Your instructions: Return exactly the lines of the records below, starting at the line that contains "Property header" and ending at the line that contains "Moevir magazine may 2026", with both of those lines kept.
--- Records provided Enclosed Below ---
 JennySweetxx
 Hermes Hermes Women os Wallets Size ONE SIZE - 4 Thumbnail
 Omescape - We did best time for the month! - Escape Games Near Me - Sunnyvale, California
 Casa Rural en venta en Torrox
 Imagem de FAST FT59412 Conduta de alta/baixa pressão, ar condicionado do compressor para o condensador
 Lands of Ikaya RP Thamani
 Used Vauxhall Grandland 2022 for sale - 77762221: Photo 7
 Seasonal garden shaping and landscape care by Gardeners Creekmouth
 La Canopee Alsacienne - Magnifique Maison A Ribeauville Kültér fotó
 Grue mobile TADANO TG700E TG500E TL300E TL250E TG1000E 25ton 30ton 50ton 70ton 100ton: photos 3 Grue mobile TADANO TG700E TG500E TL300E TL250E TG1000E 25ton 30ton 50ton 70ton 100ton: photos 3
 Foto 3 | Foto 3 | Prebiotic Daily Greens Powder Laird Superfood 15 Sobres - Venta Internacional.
--- End of Enclosed Records provided ---
--- Records provided Enclosed Below ---
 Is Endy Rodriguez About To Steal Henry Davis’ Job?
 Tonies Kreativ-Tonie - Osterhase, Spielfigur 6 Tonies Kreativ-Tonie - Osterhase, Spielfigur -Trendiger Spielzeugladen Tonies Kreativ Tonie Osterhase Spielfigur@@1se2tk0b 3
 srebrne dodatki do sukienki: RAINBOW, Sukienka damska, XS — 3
--- End of Enclosed Records provided ---
--- Records provided Enclosed Below ---
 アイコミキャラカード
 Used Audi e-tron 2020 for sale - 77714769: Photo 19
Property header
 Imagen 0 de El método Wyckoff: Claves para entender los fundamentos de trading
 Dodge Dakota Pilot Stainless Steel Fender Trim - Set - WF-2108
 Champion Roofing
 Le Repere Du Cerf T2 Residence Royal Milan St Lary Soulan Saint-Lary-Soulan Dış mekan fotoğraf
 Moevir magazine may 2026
--- End of Enclosed Records provided ---
Answer section:
Property header
 Imagen 0 de El método Wyckoff: Claves para entender los fundamentos de trading
 Dodge Dakota Pilot Stainless Steel Fender Trim - Set - WF-2108
 Champion Roofing
 Le Repere Du Cerf T2 Residence Royal Milan St Lary Soulan Saint-Lary-Soulan Dış mekan fotoğraf
 Moevir magazine may 2026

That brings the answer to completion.